Jump into any writer’s forum online and you won’t have to scroll very far to find newbie writers terrified that someone will steal their ideas (which are, of course, all very valuable and definitely worth stealing). How do you ever manage to get feedback, they lament, when the internet is just crawling with people ready to pilfer your precious ideas? The replies are invariably filled with plenty of validation for this belief: Never share an idea, they say! Put a copyright on everything! Don’t even tell people that you’re writing something!

I’m here to tell you this belief is not true. No one wants your idea.

No, not even yours, reader. Yes, I understand it is a Very Good Idea. Still.

Now, I know people will appear from out the woodwork with stories of how a friend of a friend had a Very Good Idea stolen. Inevitably, these Very Good Ideas will have gone on to become full blown novels, sometimes even Hollywood movies. Others will claim to have sold ideas, as if there was a market for such things. A subscription service, perhaps.

I’m sure, in the entire history of the internet, it has happened at some point or another. Ideas have been stolen, and grave injustice has been perpetrated upon innocent idea-havers who would otherwise have gone on to fame and fortune. “Wizarding school, that was my idea!” they cry.

Sad though these stories are, as writers, they should concern us not at all. We’ve all heard the saying “opinions are like assholes, everyone has one.” Well, ideas are a little bit like that too. Ideas are everywhere, available free of charge. However, an idea does not make a book. An idea is simply that — a vague notion, something that might, with time and effort, take shape and become a book, a movie, a work of art. An idea is worthless in and of itself. The polishing of the idea, the development of the characters, the worldbuilding, the plot, the tension, the stakes the research, the detail  — well, you get it. All of this is what it takes to turn an idea into a book. Needless to say, ideas are the easy part.

What’s more, two different artists can take one idea and turn it into two very different things.
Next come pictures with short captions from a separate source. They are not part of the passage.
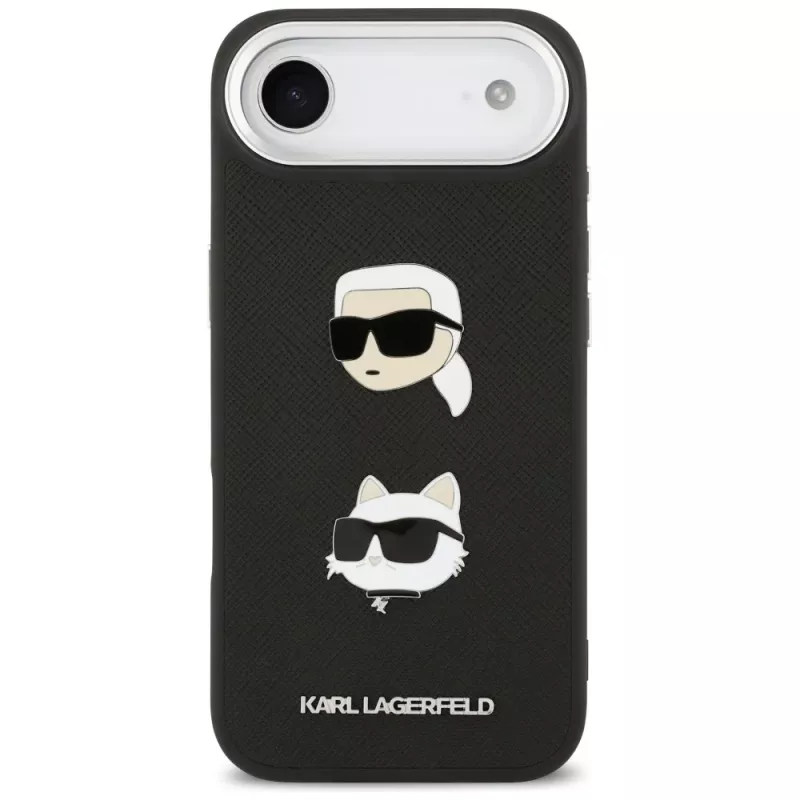 KARL LAGERFELD FW Grained Karl & Choupette Heads Pins & Logo puzdro pre iPhone Air čierna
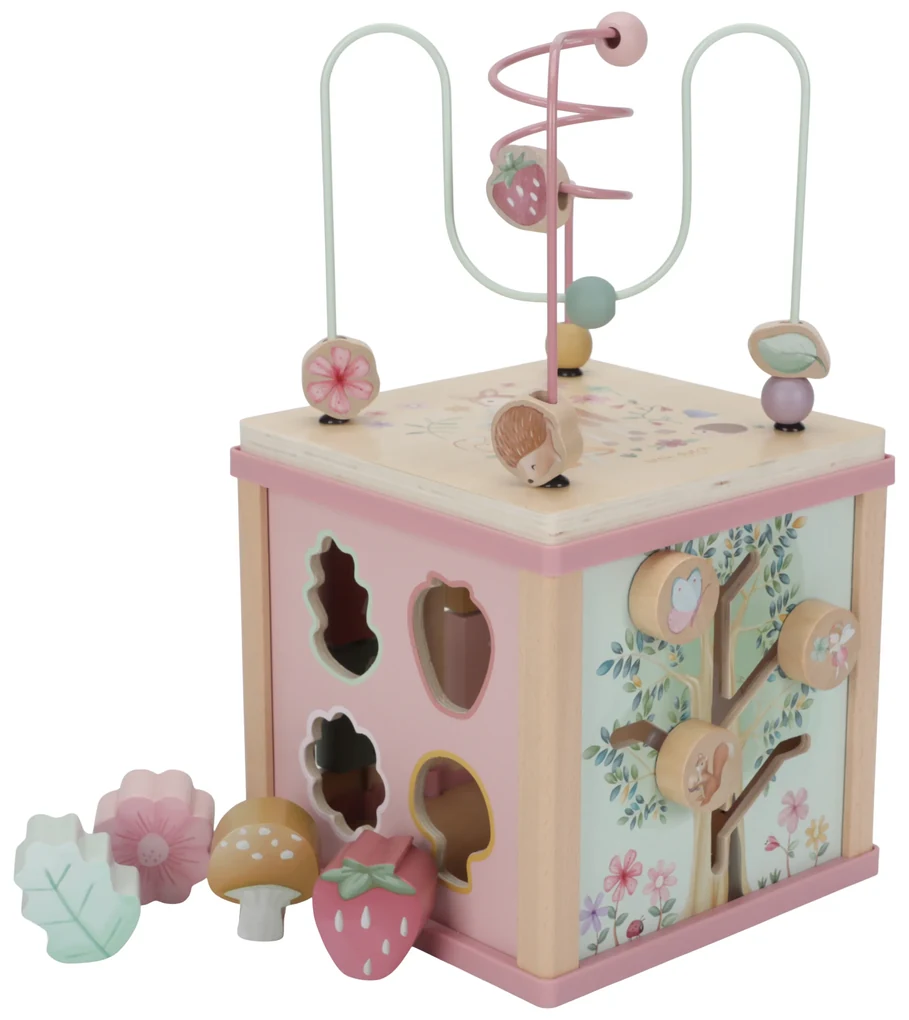 Kocka s aktivitami drevená Fairy Garden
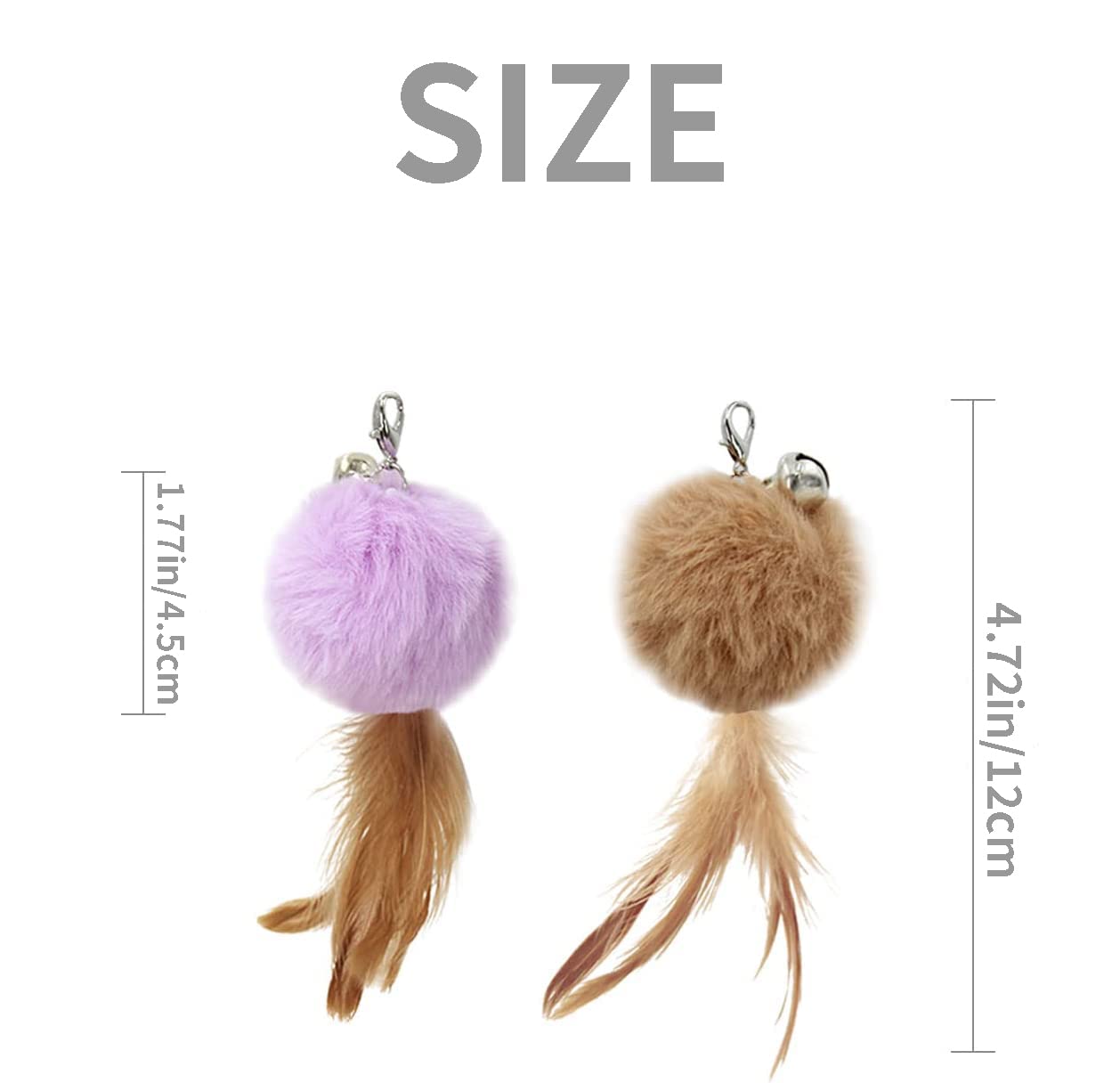 Juguetes de plumas esponjosas para gatos, repuesto de varita de juguete para gatos, 6 piezas de repuesto de plumas de juguete esponjosas, accesorios interactivos de varita para gatos, con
Look no further than the various adaptations of Shakespeare’s plays to see how an idea (or even an entire plot) can play out in various different ways. Disney’s The Lion King is Hamlet played out with animals, whereas Ten Things I Hate About You is The Taming of the Shrew set in a high school. So even if someone does steal your Very Good Idea, do not fret. Chances are their book and yours will come out entirely different in the end.

Finally, and most importantly, writers don’t need to steal ideas. Ideas are perhaps the one thing that most writers have in abundance. We might lack the time to write every idea that we’ve ever had. We might lack the skills to turn a complex idea into a competent novel. We might even lack the creative energy needed to turn a simple idea into a fully fledged work of art. Ideas are the easy part. Writing those ideas is what’s hard. Currently I have at least five different novel ideas (aside from my main work-in-progress) simply waiting for me to write them. My critique partners have similar backburner ideas. Every writer worth their salt is constantly getting inspired by their world and experiences. The ideas are not the hard part.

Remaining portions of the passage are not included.